Немалая проблема возникла и в связи с гибелью Линкольна. После его смерти конгрессмены отвергли президентскую программу реконструкции и заявили о неправомочности президента принимать столь важные решения без ведома и согласия Конгресса. Теперь большие надежды возлагались на нового главу исполнительной власти – Эндрю Джонсона. Предполагалось, что он поставит более жесткие условия реинтеграции южных штатов. К сожалению, приходится признать, что новому президенту не хватало ни политического такта Линкольна, ни его надежной команды, ни партийного авторитета. Да Джонсон и не пытался поладить с конгрессменами, он выказывал гораздо больше расположения к южанам, чем к собственным законодателям. В результате нация, и без того разобщенная секционными разногласиями, вынуждена была страдать от конфликта между президентом и Конгрессом.

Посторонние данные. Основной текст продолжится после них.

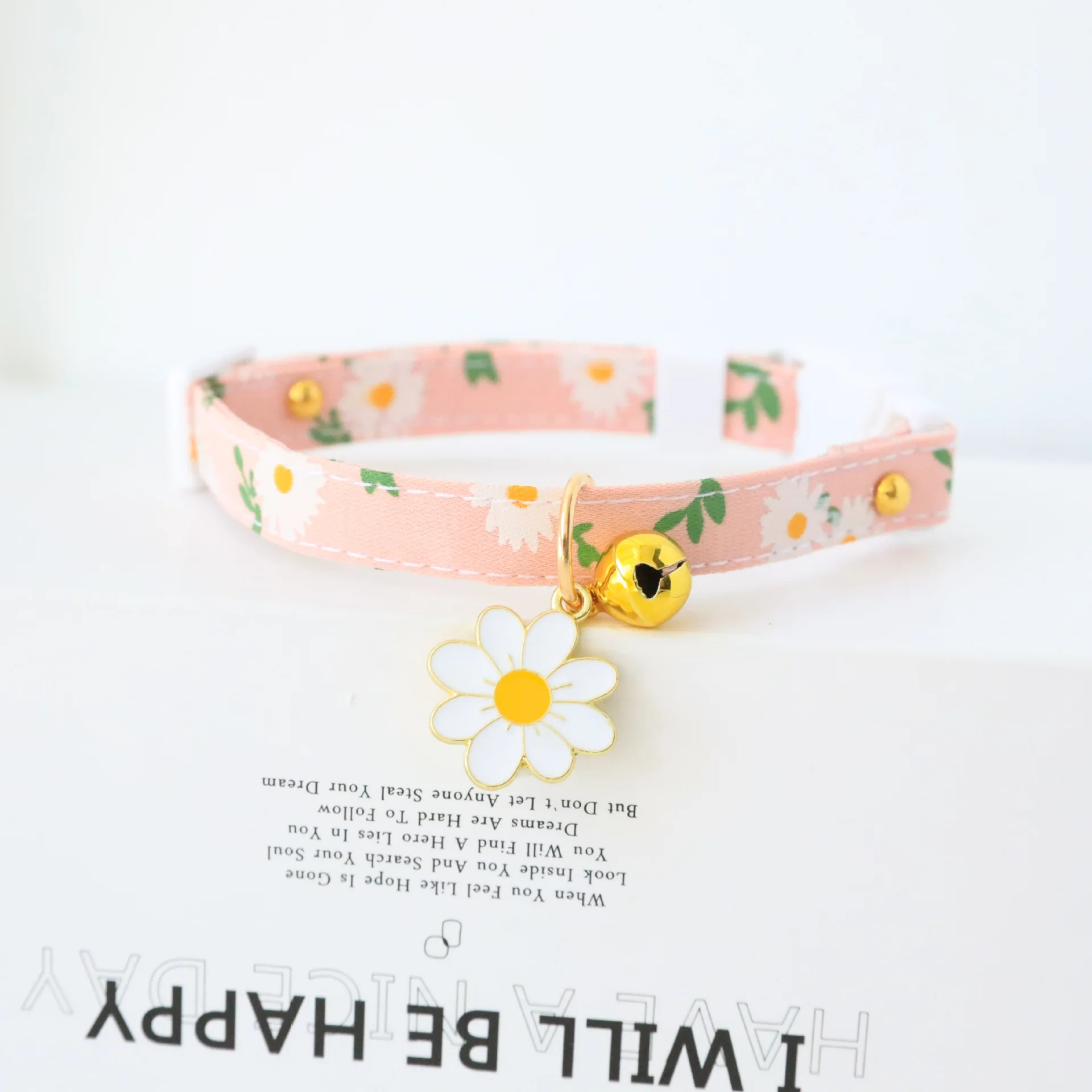 1PCS Adjustable Beauty Cat Pet Collar with Bell Dog Necklace Cute Kitten Puppy Flower Pendant Cat Accessories Supplier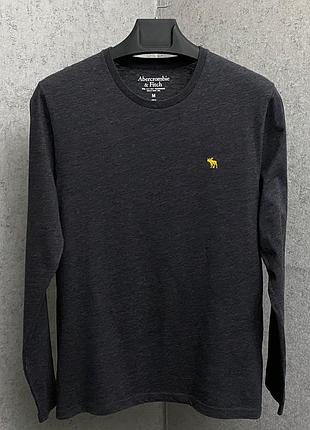Чоловічий сірий лонгслів від бренду abercrombie&fitch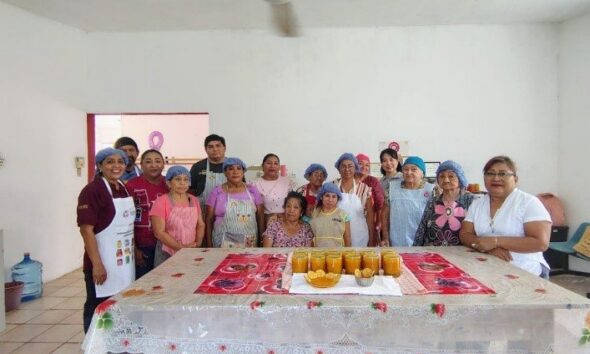 YURI KAMIYA VOLUNTARIA DE JICA MEXICO VISITA CURSO DEL ICAT ACCIÓN MÓVIL DE TENABO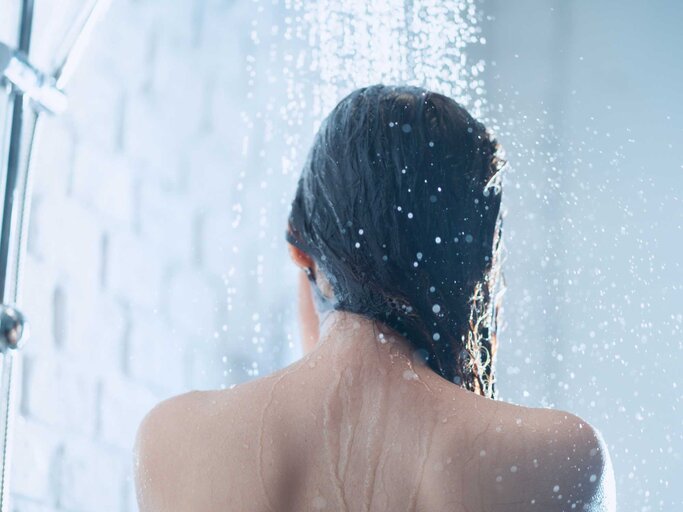 Frau steht unter der Dusche | © Getty Images/torwai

Возможно, самым серьезным препятствием для быстрой и успешной реконструкции стал небывалый всплеск расизма. По словам историка Уильяма Жиллета, в этот период «большинство белых американцев были на сто процентов убеждены в превосходстве собственной расы». При подобном отношении любая попытка обеспечить гарантированные права чернокожих была обречена на провал. Белые рассматривали негров как представителей низшего порядка, которые в лучшем случае пока не готовы, а в худшем – и вовсе неспособны принимать полноценное участие в жизни страны. Минувшая война никак не связывалась в глазах белых северян с борьбой за освобождение чернокожих рабов, посему все попытки даровать неграм равные права наталкивались на непонимание и раздражение. Южане и вовсе рассматривали эту затею как прямой вызов своим принципам и традициям. Все чаще поговаривали о злонамеренном эксперименте северян, которые желают разрушить мир посредством черной власти. Когда стало ясно, что политические демарши бесполезны – Конгресс явно вознамерился довести борьбу за права негров до победного конца, – белые южане решили прибегнуть к тактике террора. В 1866 году возникла военизированная организация под названием Ку-клукс-клан, ставшая серьезной помехой на пути реконструкции.
Ку-клукс-клан: два члена Алабамского отделения организации (фотография 1868 г.)